E ainda tem muito mais no ano do Brasil. Quem abre a Quinzena dos Cineastas do Festival de Cannes 2025 é o Ceará e está junto do diretor Karim Aïnouz, padrinho da edição deste ano do programa Director’s Factory, dentro do ano Brasil-França. A abertura conta com quatro curtas-metragens: “A Fera do Mangue”, de Wara (Ceará) e Sivan Noam Shimon (Israel); “A Vaqueira, a Dançarina e o Porco”, de Stella Carneiro (Alagoas) e Ary Zara (Portugal); “Ponto Cego”, de Luciana Vieira (Ceará) e Marcel Beltrán (Cuba); e “Como Ler o Vento”, de Bernardo Ale Abinader (Amazonas) e Sharon Hakim (França). Os filmes foram todas realizados em Fortaleza, envolvendo mais de cem profissionais cearenses do audiovisual. Karim, que esteve ano passo na competição oficial a Palma de Ouro com “Motel Destino”, disse na coletiva de imprensa (trecho que pode ser conferido no vídeo exclusivo Retrospectiva 2024 do Vertentes do Cinema): “O que me interessa muito é a diversidade em geral, e o cinema brasileiro tem estado cada vez mais diverso, como o Brasil é diverso, e o Ceará é parte disso. Só que eu acho que o Ceará ainda não estava no mapa de uma maneira muito expressiva, e é muito importante para mim eu pudesse contar uma história no lugar onde eu nasci e fui criado. E sobre o que eu tenho memórias absolutamente coloridas e cheias de luz”.
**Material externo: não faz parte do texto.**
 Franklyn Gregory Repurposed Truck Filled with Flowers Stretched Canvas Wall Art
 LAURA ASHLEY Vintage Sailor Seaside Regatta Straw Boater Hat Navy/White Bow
Já a a Semana da Crítica, ou em seu original francês Semaine de la Critique, que em 2025 chega a sua 64ª edição, traz em sua seleção de curtas-metragens o filme brasileiro (representante do Brasil na Semana 2025) em competição: “Samba Infinito”, de Leonardo Martinelli, que “nos leva a uma jornada urbana, que é ao mesmo tempo festiva e melancólica”. O filme de Leonardo, com Camilla Pitanga e Gilberto Gil), “acompanha um gari durante o Carnaval, busca retratar o luto pela perda da irmã do personagem e a sua jornada ao encontrar uma criança perdida”, numa co-produção com Baraúna Filmes.
Na Mostra Cannes Classics, o documentário brasileiro sobre Carlos Diegues, “Para Vigo Me Voy!”, uma coprodução Globo Filmes e GloboNews, fará sua estreia mundial em Cannes. O filme, que retrata um dos cineastas brasileiros mais queridos do festival francês, é dirigido por Lírio Ferreira e Karen Harley, e concorre ao Olho de Ouro, prêmio de Melhor Documentário do Festival de Cannes 2025, que ocorre entre os dias 13 e 24 de maio. O longa tem produção de Diogo Dahl, da Coqueirão Pictures, em coprodução com Raccord, Sinédoque e Dualto Produções. “O filme é uma viagem cinematográfica pela trajetória de Cacá Diegues, revelando a capacidade única de capturar o espírito do tempo presente em suas narrativas. O longa explora como as obras do cineasta refletem os traços da história brasileira nas últimas seis décadas, além de abordar aspectos íntimos de sua vida pessoal”.
E a cereja do bolo, do ano do Brasil no Festival de Cannes 2025, vem mesmo com o novo filme do cineasta Kleber Mendonça Filho, “O Agente Secreto”, na competição oficial a Palma de Ouro. O diretor pernambucano já competiu ao prêmio máximo com “Bacurau” (2019), levando o prêmio especial do Júri, e também com “Aquarius” (2016). Neste, o filme é um thriller político ambientado no Brasil de 1977. Na trama, Marcelo (Wagner Moura) é um especialista em tecnologia, que foge de um passado misterioso e volta ao Recife em busca de paz. Ele logo percebe que a cidade está longe de ser o refúgio que procura. Estrelado por Gabriel Leone, Maria Fernanda Cândido, Udo Kier, Hermila Guedes, Thomás Aquino, Alice Carvalho e grande elenco.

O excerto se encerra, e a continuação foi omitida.